- **BRIEF**
Give back the listing in full and exactly, leaving out the images.

── DATASET SECTION ──

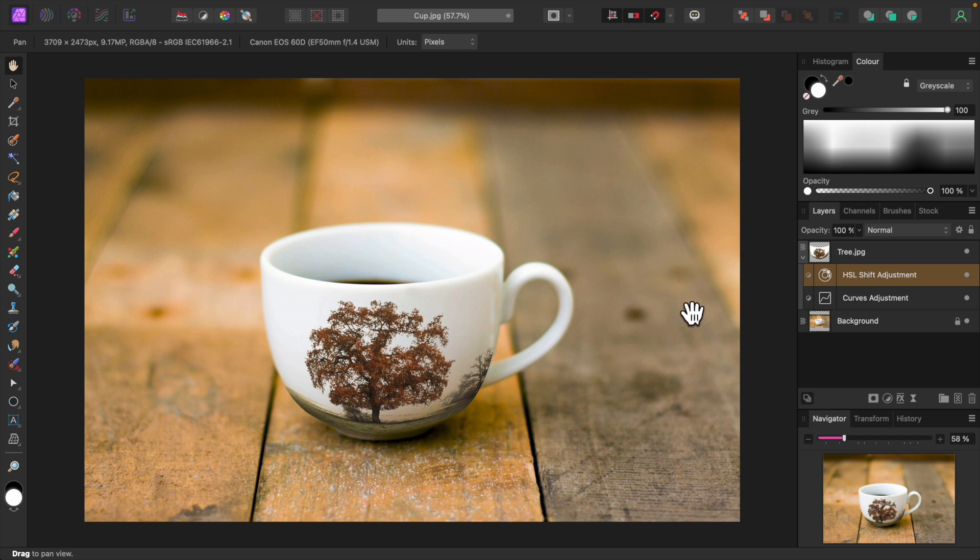And that's it. Mesh Warp is an easy tool to use with realistic effects. Very impressive indeed. Thank you for watching.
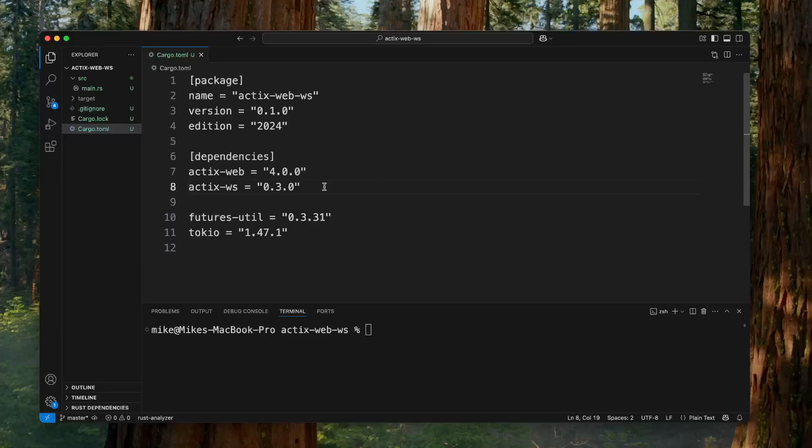Let's learn how to implement WebSocket in Actix Web Server. To learn that, we will build a simple real-time chat backend server.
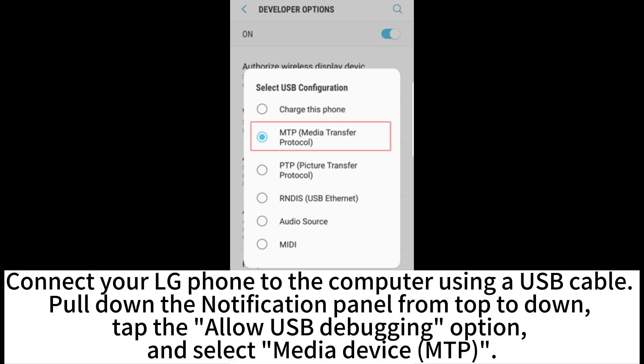Connect your LG phone to the computer using a USB cable. Pull down the notification panel from top to down. Tap the Allow USB debugging option and select Media Device MTP.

───

- **RESULT OF THE EXERCISE**
And that's it. Mesh Warp is an easy tool to use with realistic effects. Very impressive indeed. Thank you for watching.
Let's learn how to implement WebSocket in Actix Web Server. To learn that, we will build a simple real-time chat backend server.
Connect your LG phone to the computer using a USB cable. Pull down the notification panel from top to down. Tap the Allow USB debugging option and select Media Device MTP.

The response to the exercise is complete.